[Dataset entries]
========================================================================

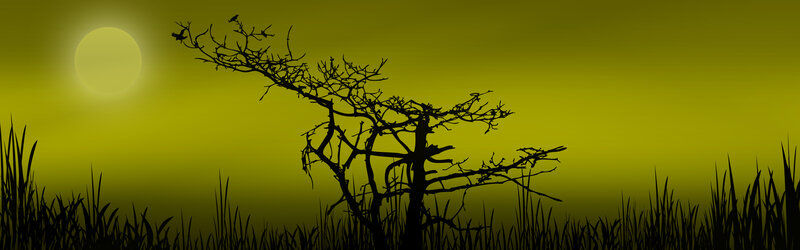 Silhouette of a bare tree at dusk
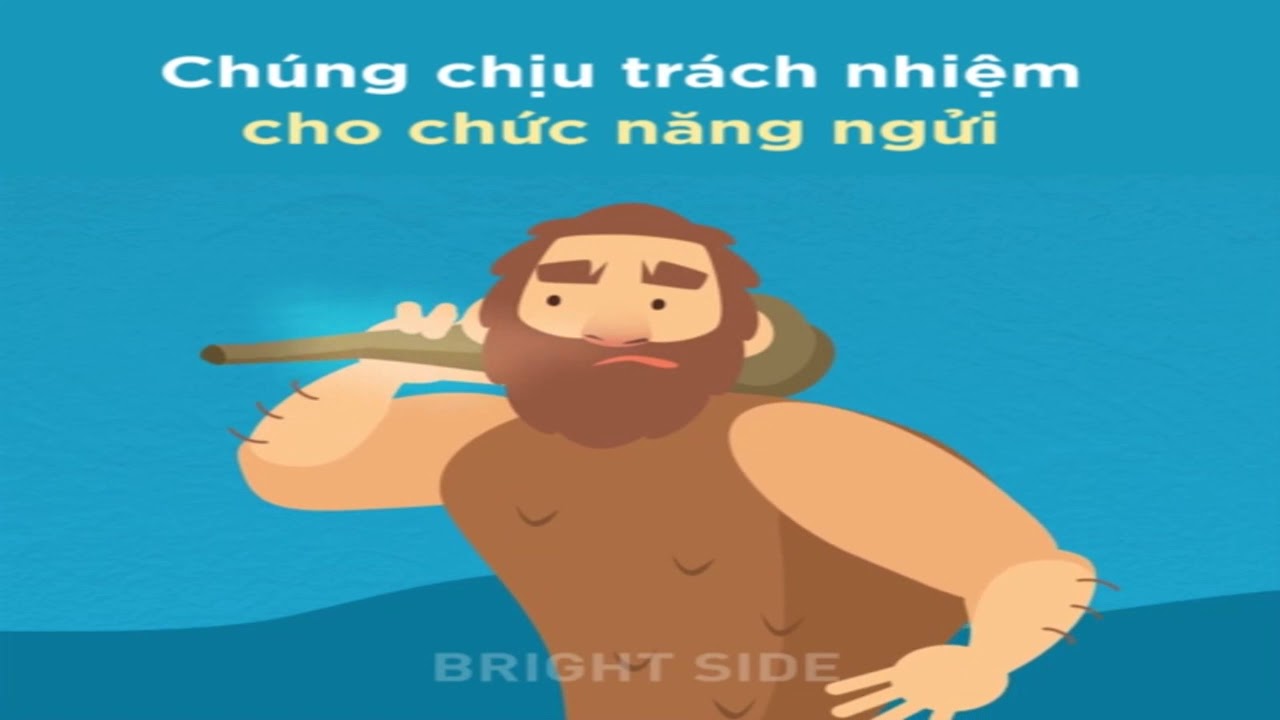 Video: Những bộ phận cơ thể từng hữu dụng với người tiền sử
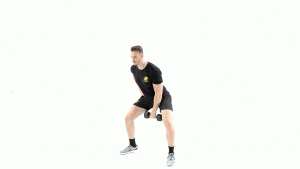 DE PIE-MANCUERNAS-HOMBRO-PIERNA-CADERAZO CON ELEVACION FRONTAL UNILATERAL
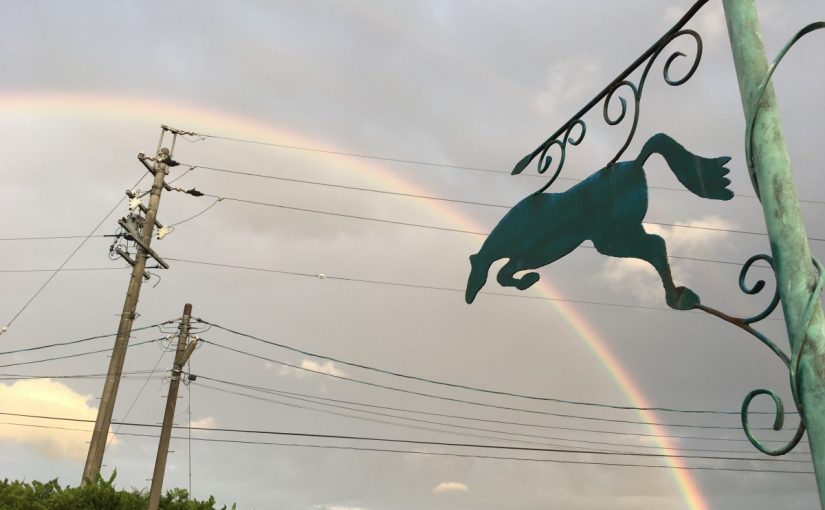〜徒然 乗馬日記〜（愛知県豊田市）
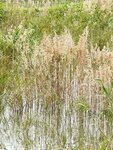 IMG_6578
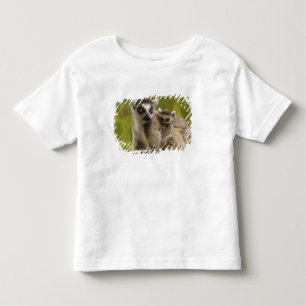Ringtailade lemurer (Lemur catta) Mor & unge. T-shirt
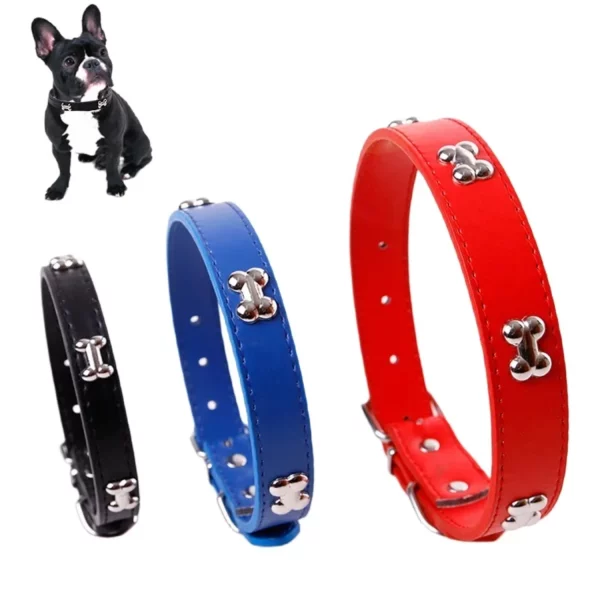 Leather dog collar in black, shown on a dog's neck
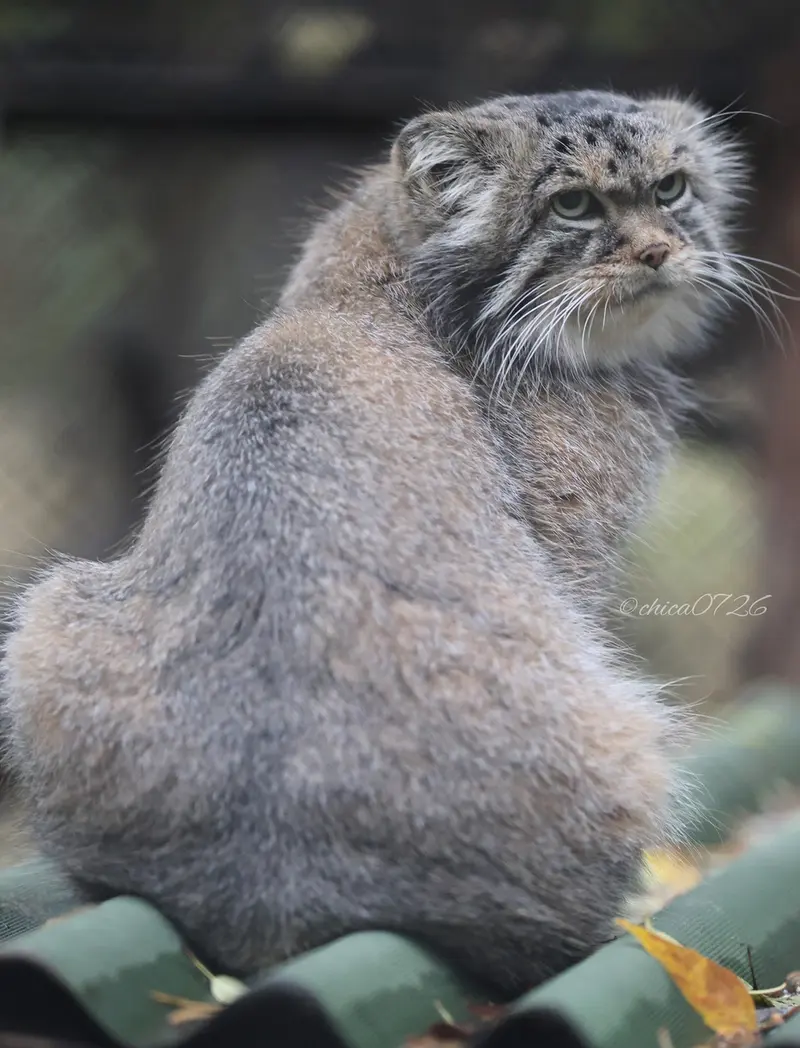 ノヴォシビルスク動物園のジョージの写真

========================================================================

◆ Work item
Give back every record precisely as it stands, without the images.

◆ Answer to the exercise
 Silhouette of a bare tree at dusk
 Video: Những bộ phận cơ thể từng hữu dụng với người tiền sử
 DE PIE-MANCUERNAS-HOMBRO-PIERNA-CADERAZO CON ELEVACION FRONTAL UNILATERAL
〜徒然 乗馬日記〜（愛知県豊田市）
 IMG_6578
Ringtailade lemurer (Lemur catta) Mor & unge. T-shirt
 Leather dog collar in black, shown on a dog's neck
 ノヴォシビルスク動物園のジョージの写真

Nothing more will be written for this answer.